Les incidents se multiplient dans le pays. Après l’assassinat du monarchiste Calvo Sotelo, les généraux de l’armée (Franco, Sanjurjo...) décident de renverser le pouvoir. Le 18 juillet 1936, le Golpe (putsch) débute. Le mouvement prend le contrôle de la Galice, la Vieille Castille, l’Aragon, la Navarre et installe une tête de pont au Sud du pays grâce au débarquement dans cette zone des troupes de Franco en provenance du Maroc. Le soulèvement échoue cependant dans les grandes villes et en particulier devant Madrid où les milices ouvrières et la population livrent une bataille acharnée de plusieurs mois (Novembre 36 - Mars 37).et tiennent en échec les putschistes : le célèbre no pasaran ! (ils ne passeront pas !) est né.

L’Espagne est alors coupée en deux. Dans la zone républicaine, l’autorité centrale s’est effondrée. La réalité du pouvoir est dans la rue au mains de « Comités ouvriers et paysans » qui mettent en œuvre une politique révolutionnaire.
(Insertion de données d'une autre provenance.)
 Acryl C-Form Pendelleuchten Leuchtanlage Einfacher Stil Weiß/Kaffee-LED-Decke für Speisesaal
Dans les campagnes (Catalogne, Aragon), les terres sont collectivisées et on établit dans certaines zones l’égalité des salaires ou on supprime la monnaie ! A Barcelone, toute l’industrie est collectivisée ainsi que l’énergie, les transports, les communications mais aussi les hôtels, les restaurants et les lieux de spectacle ! Les zones les plus avancées dans le processus révolutionnaire sont celles tenues par les anarchistes de la FAI (Fédération Anarchiste Ibérique) et de la CNT et par les trotskisants du POUM (Parti Ouvrier d’Unification Marxiste).

C’est en fait l’intervention de puissances étrangères qui modifie la donne d’un conflit à l’issue incertaine. La Société Des Nations se montre incapable de défendre le gouvernement légitime espagnol et prône la non-intervention. Mais cet engagement n’est pas respecté par l’Italie le Portugal et l’Allemagne qui soutiennent les putschistes. Le 26 avril 1937 Guernica au Pays Basque devient la première ville détruite par l’aviation d’Hitler et un symbole universel de l’horreur de la guerre sous les pinceaux de Pablo Picasso peu de temps après.
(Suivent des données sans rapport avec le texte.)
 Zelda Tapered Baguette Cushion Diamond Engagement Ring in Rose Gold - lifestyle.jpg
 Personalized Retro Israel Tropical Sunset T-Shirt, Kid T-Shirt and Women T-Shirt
Le camp républicain ne peut compter quant à lui que sur l’aide de Moscou et sur les livraisons d’armes en provenance de la France qui ne s’engage cependant pas officiellement de peur de déclencher un conflit mondial malgré la présence à sa tête du gouvernement de Front populaire de Blum.

L’URSS de Staline envoie massivement du matériel et organise les célèbres Brigades Internationales, corps de volontaires étrangers (où l’on retrouve notamment le futur maréchal Tito et André Malraux) qui intervient sur le front espagnol d’octobre 36 à novembre 38.

Mais l’aide de Moscou a un prix : le poids des communistes devient prépondérant dès l’été 1937 dans le gouvernement de la République. Alors que commence en URSS les grandes purges staliniennes et le premier procès de Moscou, les soviétiques éliminent physiquement les « hitléro-trotskistes » du POUM (dont leur chef Andréas Nin) et pourchassent les dirigeants anarchistes. Le comble de l’absurde est atteint à Barcelone en Mai 1937 quand les communistes prennent par la force le contrôle de la ville à la CNT et au POUM.

Ces affrontements internes empêchent une coordination des troupes républicaines, et facilitent la victoire finale des troupes de Franco (devenu chef des nationalistes) le 1er avril 1939, tout comme le changement de politique diplomatique de Staline à partir de l’été 1938, qui après les accords de Munich, cherche à se rapprocher de l’Allemagne et à sortir du bourbier espagnol.

On dénombre environ 500 000 victimes à la fin de la guerre, sans compter les nombreux réfugiés républicains parqués dans des camps en France dans des conditions insupportables. Beaucoup de ces espagnols combattront le nazisme durant la Seconde Guerre Mondiale.

Franco, grâce au soutien des Etats-Unis durant la Guerre Froide, règnera d’une main de fer sur l’Espagne jusqu’à sa mort en 1975. L’Espagne n’a pas encore fait complètement le bilan de cette période sombre de son histoire. Il y a quelques semaines, le 1er ministre socialiste Zapatero, petit-fils de fusillé républicain, a proposé une loi visant à réhabiliter les morts de la République espagnole. La virulence de certaines réactions prouve que la Guerre d’Espagne est encore une blessure vive dans l’Histoire de ce pays.